Bremer Bildungsprojekt zur E-Mobilität

Wenn über kurz oder lang mehr Elektro- und Hybridfahrzeuge in die Werkstätten kommen, müssen die dortigen Fachkräfte qualifiziert sein, um diese warten und reparieren zu können. Ganz besonders gilt das für den Berufsnachwuchs, der von Anfang an für die Arbeit an der Technologie der Zukunft ausgebildet werden sollte.

Die Kfz-Innung Bremen will ihre Betriebe bei dieser Aufgabe nicht alleine lassen und startet ein bundesweit neues Projekt. Zusammen mit Partnern aus der Bremer Bildungs- und Wissenschaftslandschaft hat sie einen neuen Ausbildungsgang ins Leben gerufen. Mit dem neuen Ausbildungsjahr im August sollen mindestens 15, am besten sogar 25-30 Bremer Jugendliche ihre Ausbildung zum Kfz-Mechatroniker mit Schwerpunkt System- und Hochvolttechnik beginnen.

Zusätzlich zur regulären Ausbildung in Kfz-Betrieben werden sie in dem neuartigen Lehrprojekt intensiv mit Elektromotoren, Batterien sowie Antriebs- und Umrichtetechnik vertraut gemacht. Möglich macht dies eine Kooperation mit dem Fraunhofer-Institut für Fertigungstechnik und Angewandte Materialforschung (IFAM), dem Kompetenzzentrum der Handwerkskammer Bremen, dem Technischen Bildungszentrum Mitte sowie dem Institut Technik und Bildung der Universität Bremen. Auch die Landespolitik unterstützt das Projekt; Bildungssenatorin Dr. Claudia Bogedan hat die Schirmherrschaft übernommen.
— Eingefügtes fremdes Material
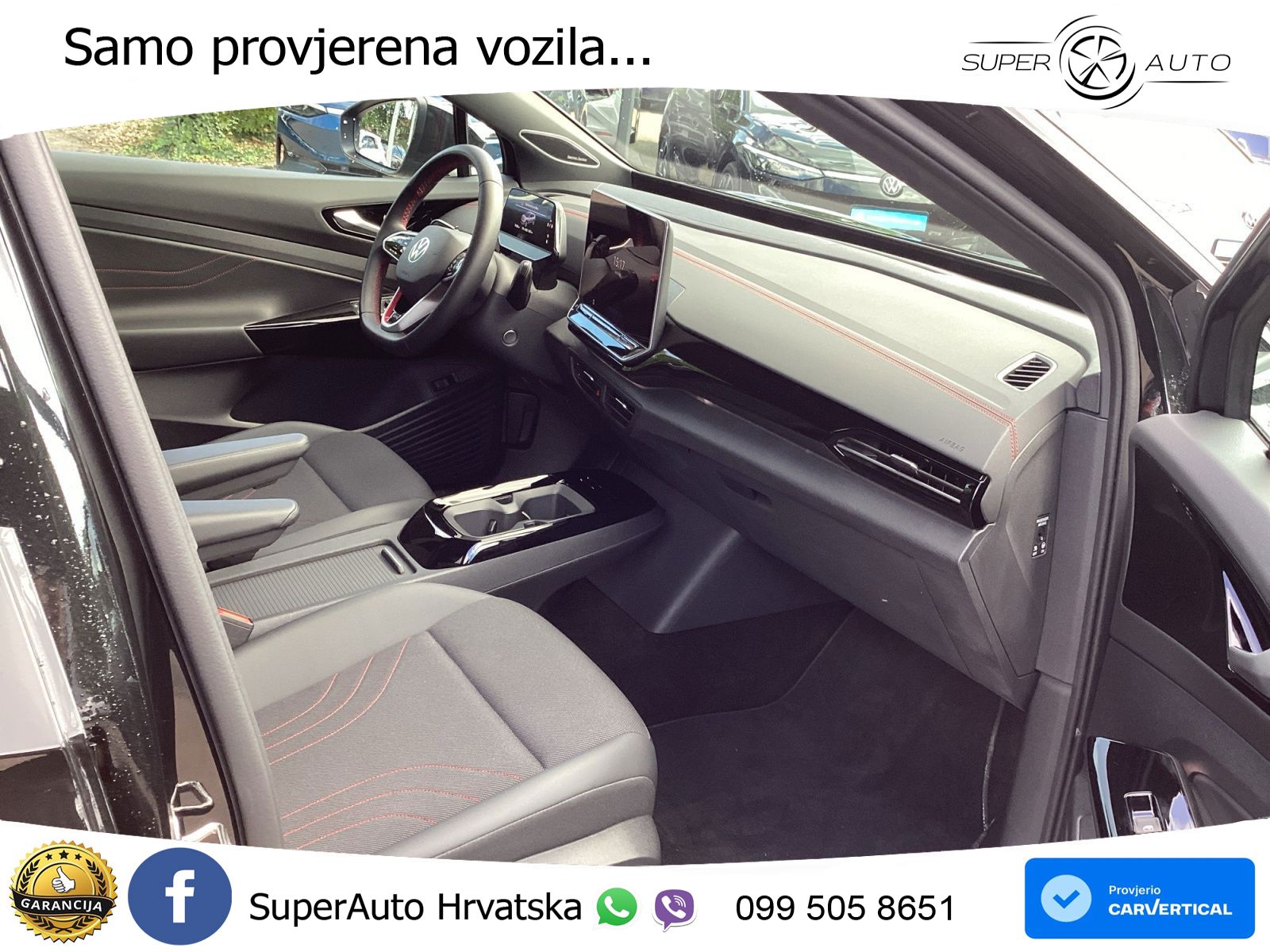 Volkswagen ID.4 GTX 82 kWh (340 KS) 4MOTION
Eine Besonderheit des Modellprojekts ist die Tatsache, dass sich die Azubis bereits von Anfang an und nicht erst nach dem ersten Teil der Gesellenprüfung intensiv mit Hochvolt- und Systemtechnik auseinandersetzen werden. „Deshalb“, so Obermeister Hans Jörg Kossmann, „möchten wir besonders motivierte und eher leistungsstarke Jugendliche mit gutem mittleren Schulabschluss oder Abitur ansprechen“.

Versprechen kann er ihnen neben einer interessanten und abwechslungsreichen Ausbildung beste berufliche Perspektiven. „Wenn sie ihre Ausbildung beendet haben werden, verfügen sie über genau die Kenntnisse und Fertigkeiten, die dann gefragt sein werden“, ist der Obermeister der Kfz-Innung sicher.
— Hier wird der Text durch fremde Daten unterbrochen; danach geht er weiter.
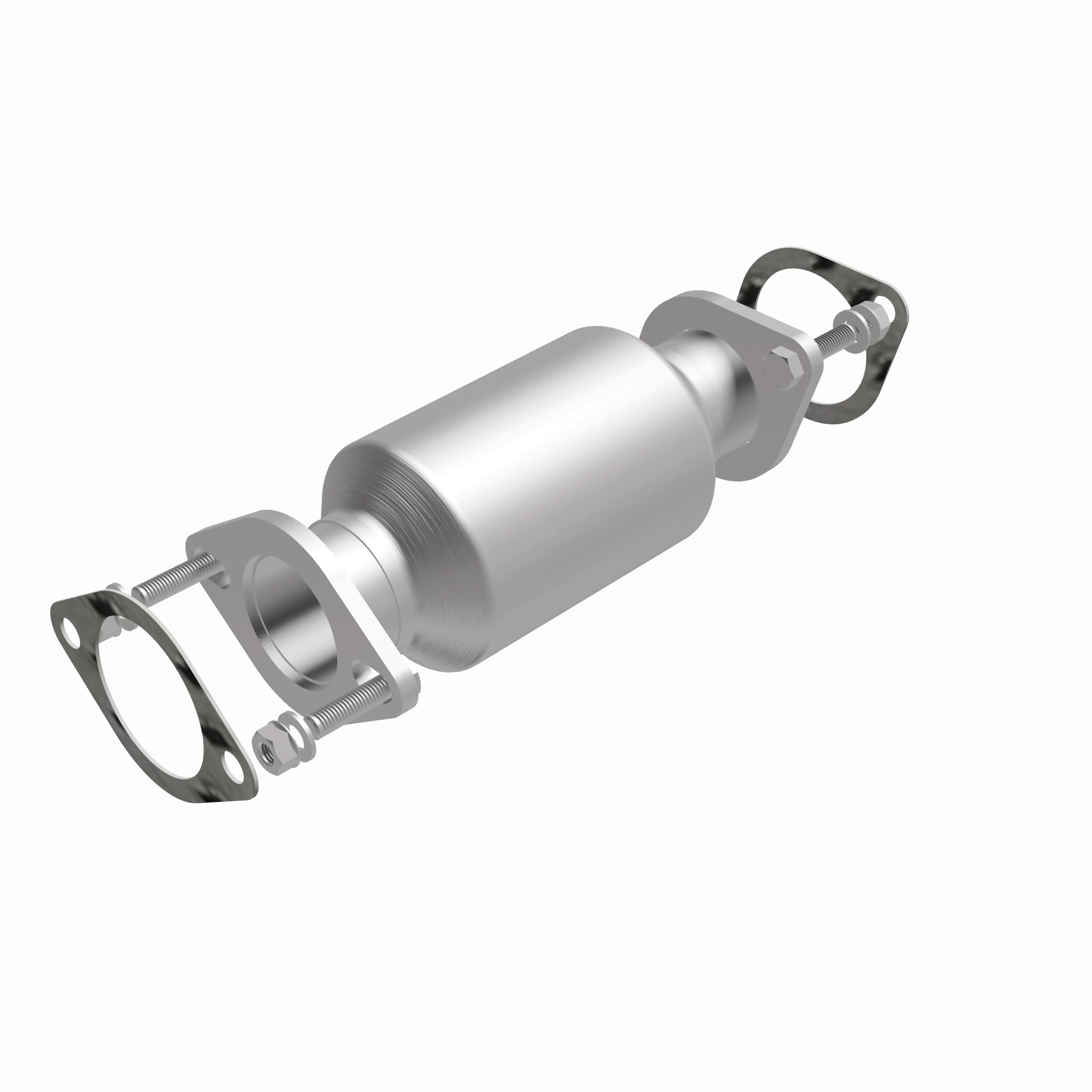 MagnaFlow Exhaust Products 5571858 - California CARB Direct-Fit Catalytic Converter 3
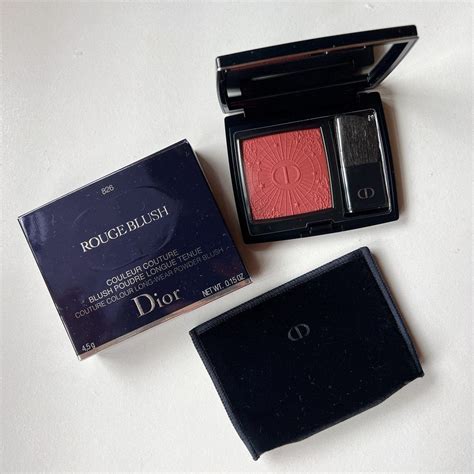 blush dior clio|dior blush colour palette.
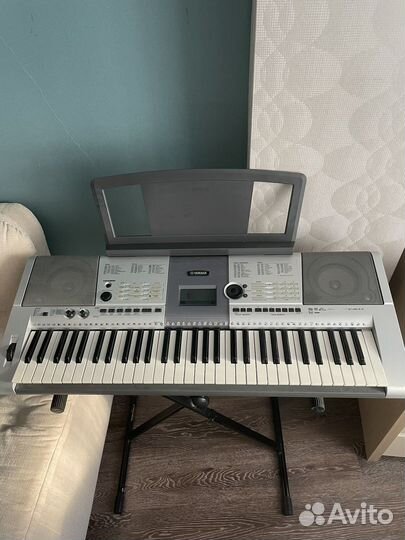 Синтезатор yamaha psr e403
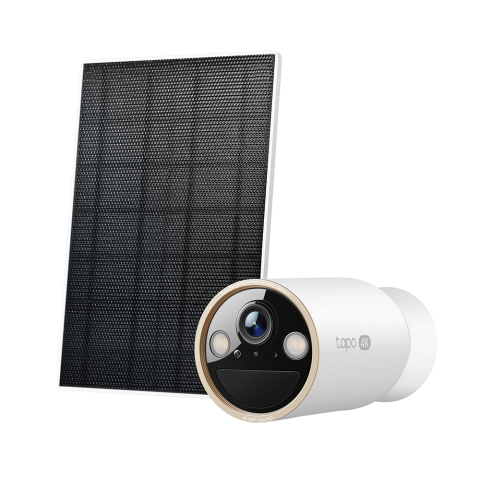 Cameră de supraveghere solară TP-Link Tapo C460 Kit 4K UHD (TAPO C460 KIT) - TP-LINK [1]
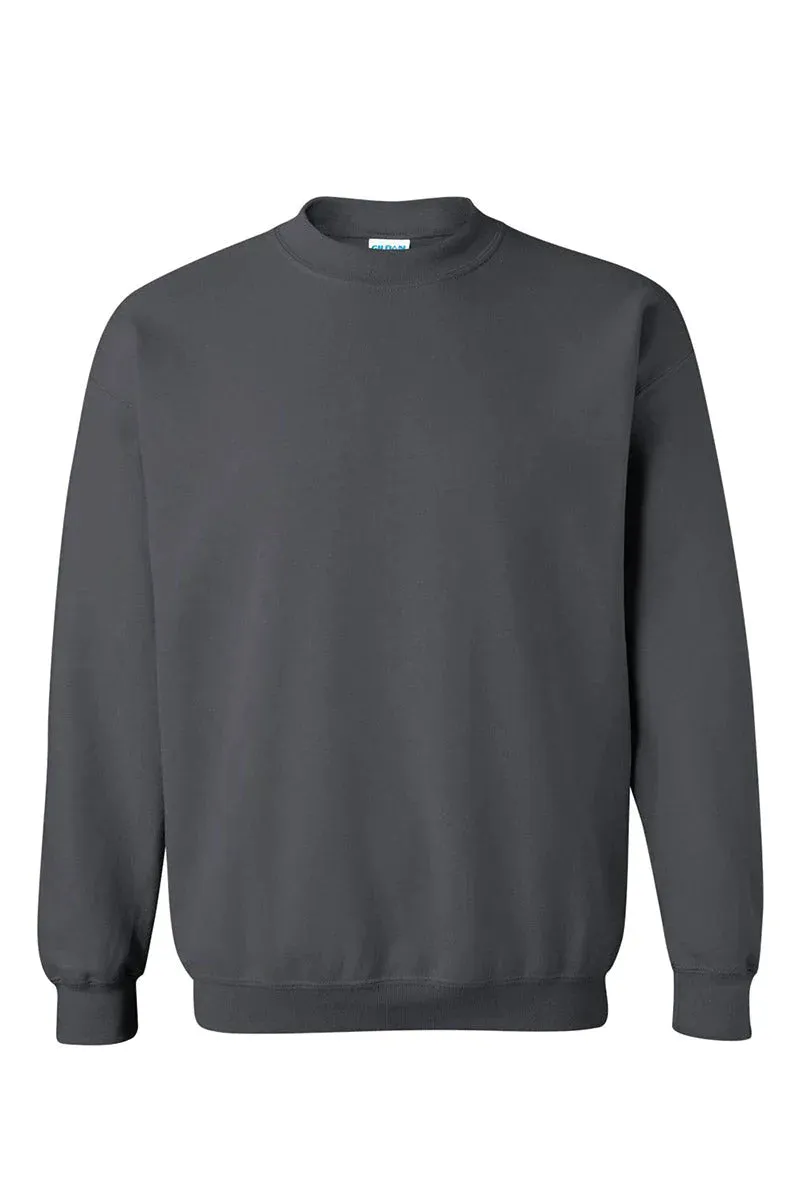 Look Pretty Play Dirty Heavy-weight Crew Sweatshirt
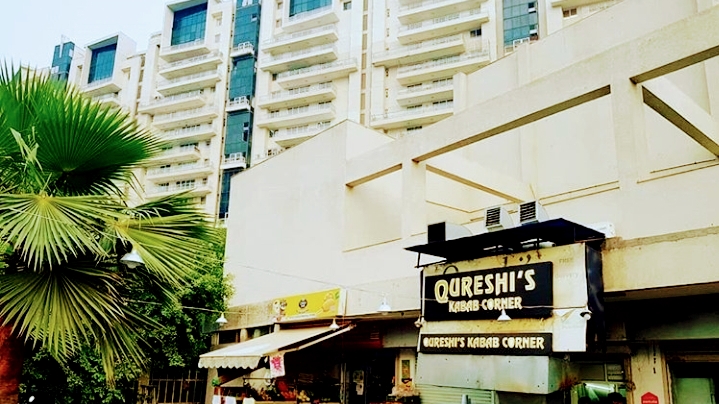 Qureshi's Kabab Corner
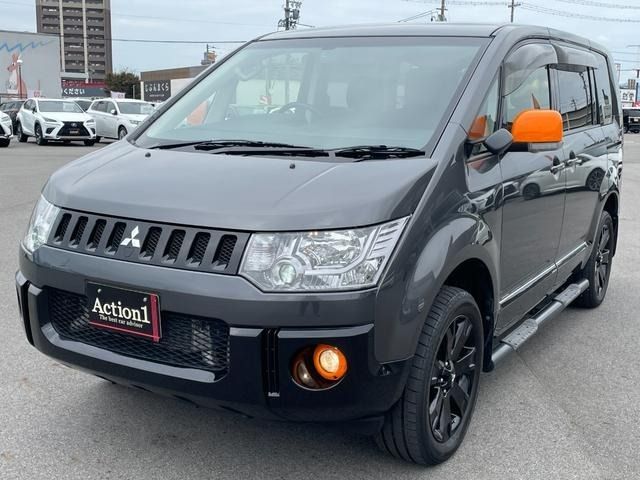 MITSUBISHI DELICA D:5 4WD 2017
Profitieren würden auch die Ausbildungsbetriebe, die ihren Bedarf an Fachkräften für Elektromobilität dann aus den eigenen Reihen decken können. Deshalb hat Kossmann auch keinerlei Zweifel daran, dass sich genügend Kfz-Betriebe an dem Projekt beteiligen werden.

Ein praktisches Problem kann heute noch darin bestehen, dass derzeit kaum Elektro- und Hybridfahrzeuge in die Werkstätten kommen, um die Nachwuchskräfte daran ausbilden zu können. Hier kann das Fraunhofer-Institut helfen: „Wir forschen schon seit Jahren an Kernfragen der Elektromobilität und bieten aus diesen Erfahrungen bereits Weiterbildungsseminare an. Dieses Wissen wollen wir jetzt in die Berufsausbildung übertragen“, sagt Stefan Sündermann, Projektleiter Technische Qualifizierung beim Fraunhofer IFAM. Auch um die Weiterqualifizierung der betrieblichen Ausbilder wolle man sich kümmern.

Im Mittelpunkt der praktischen Hochvoltausbildung wird der Umbau eines Fahrzeugs mit Verbrennungsmotor in ein Elektroauto stehen. Dies wird maßgeblich am Kompetenzzentrum der Handwerkskammer geschehen, das alle Bremer Kfz-Azubis regelmäßig zu überbetrieblichen Lehrgängen besuchen.

In den kommenden Wochen stehen die Projektpartner vor der entscheidenden Aufgabe, genügend Jugendliche für die neue, spannende Aufgabe zu begeistern. „Wir werden alle die Werbetrommel dafür rühren“, verspricht Bogedan als Schirmherrin.